Your objective =>
Retype the data exactly, from its first line to the line containing "Maison - 130 m² - 6 pièces", including both, and skip any picture.

Data supplied =>
◆ ◆ ◆ ◆ ◆
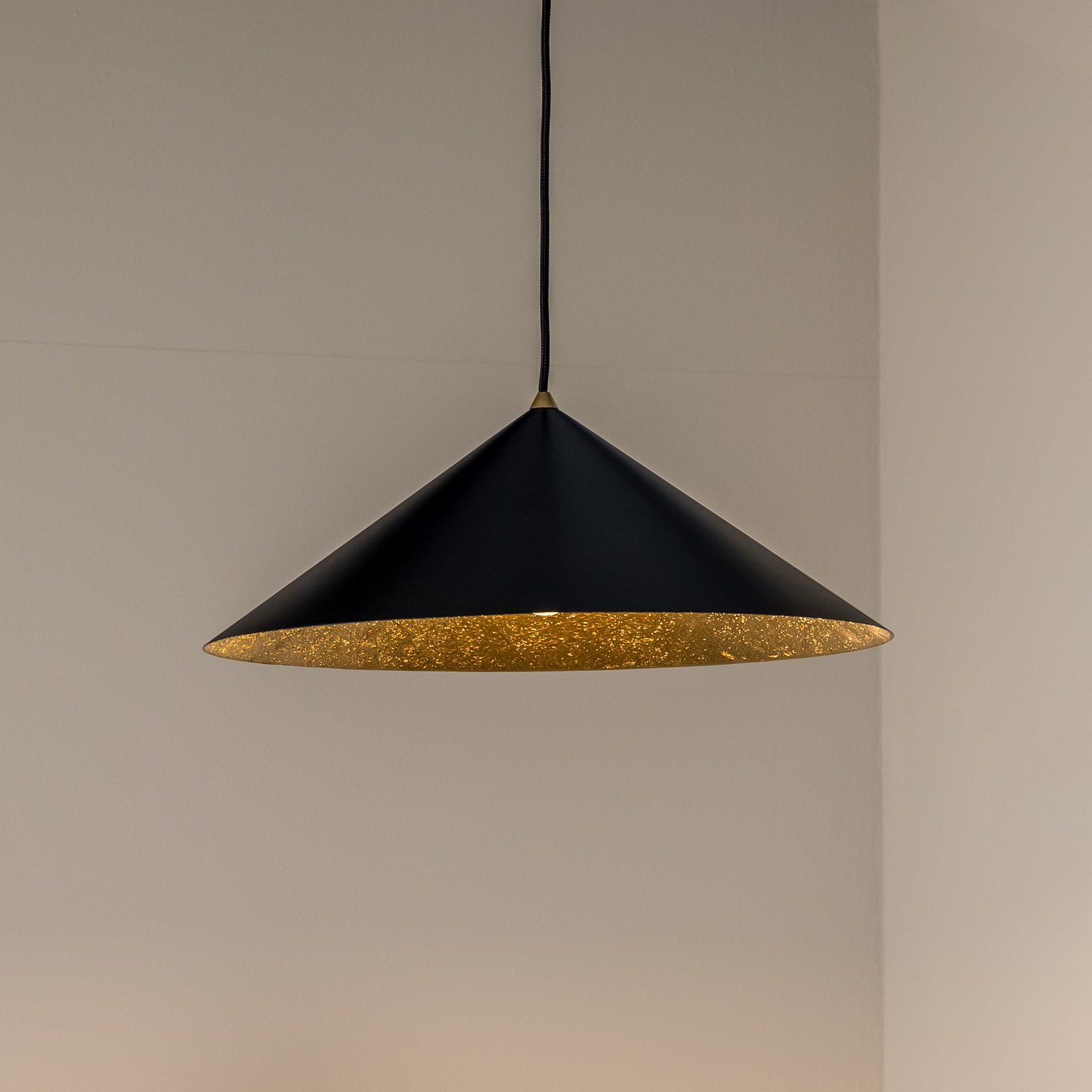 Fuji pendant light, composite fibre, black/gold-coloured, Ø 50 cm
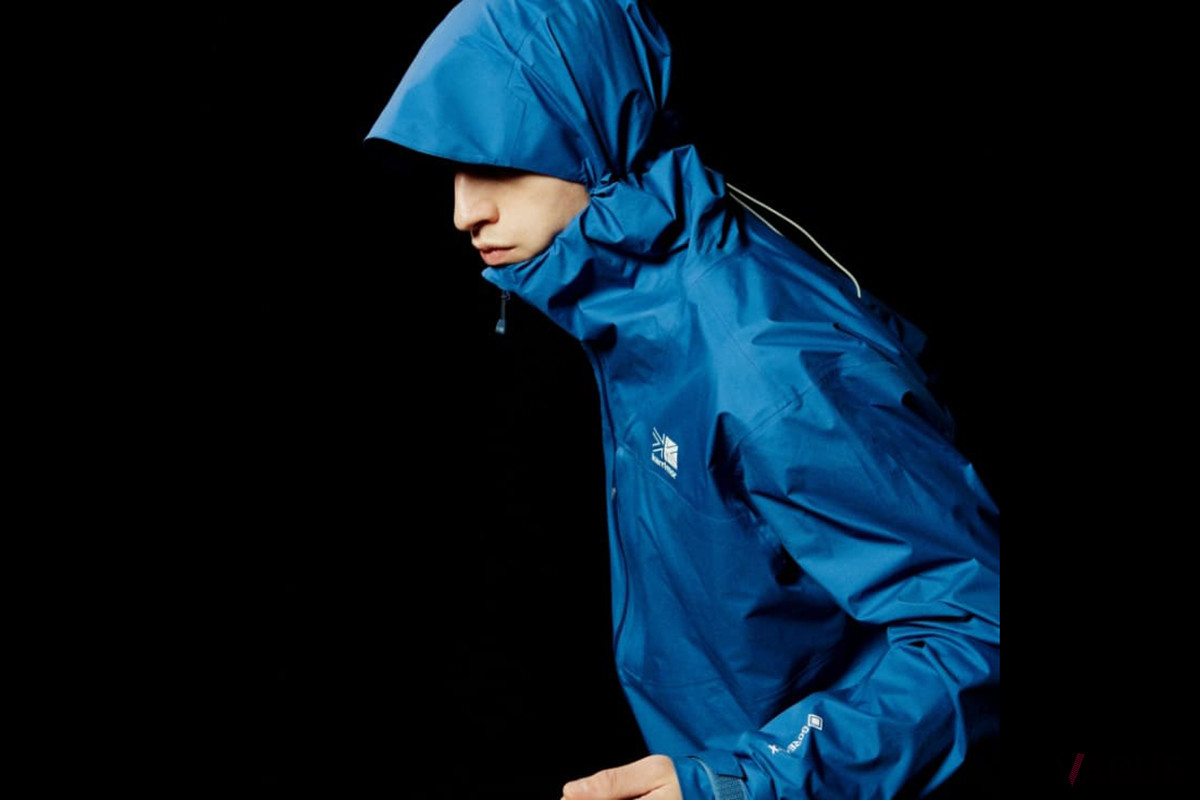 各部のディテールは動きやすさや軽さを追求した仕立てとなる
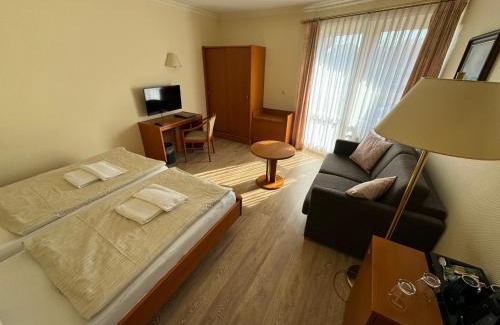 Koelpinsee Hotel | Discover Seeschlösschen & Ostseeperle: Guest Rated 8/10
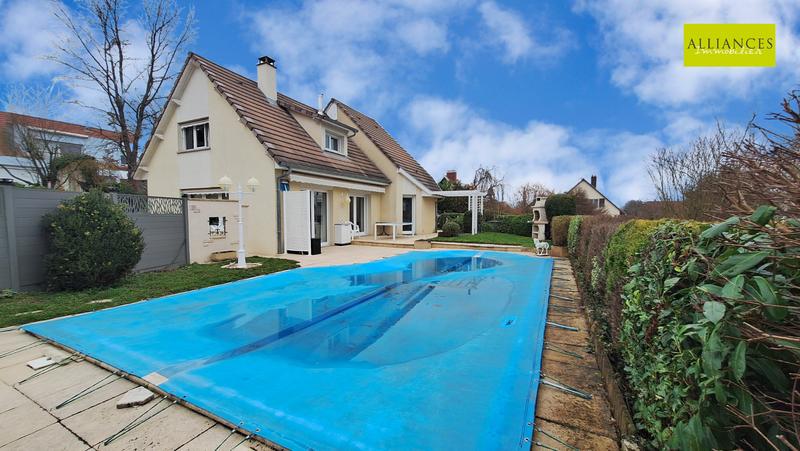 Maison - 130 m² - 6 pièces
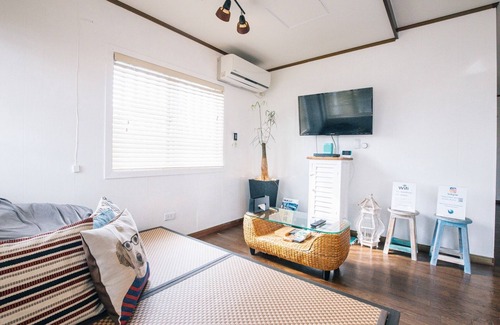 Kadena House | FLASH SALE NOWPrivate Villa3 BedroomLiving BW1 - Whale Okinawa house number 7106/Nakagami-gun Okinawa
◆ ◆ ◆ ◆ ◆
Completed exercise =>
 Fuji pendant light, composite fibre, black/gold-coloured, Ø 50 cm
 各部のディテールは動きやすさや軽さを追求した仕立てとなる
 Koelpinsee Hotel | Discover Seeschlösschen & Ostseeperle: Guest Rated 8/10
 Maison - 130 m² - 6 pièces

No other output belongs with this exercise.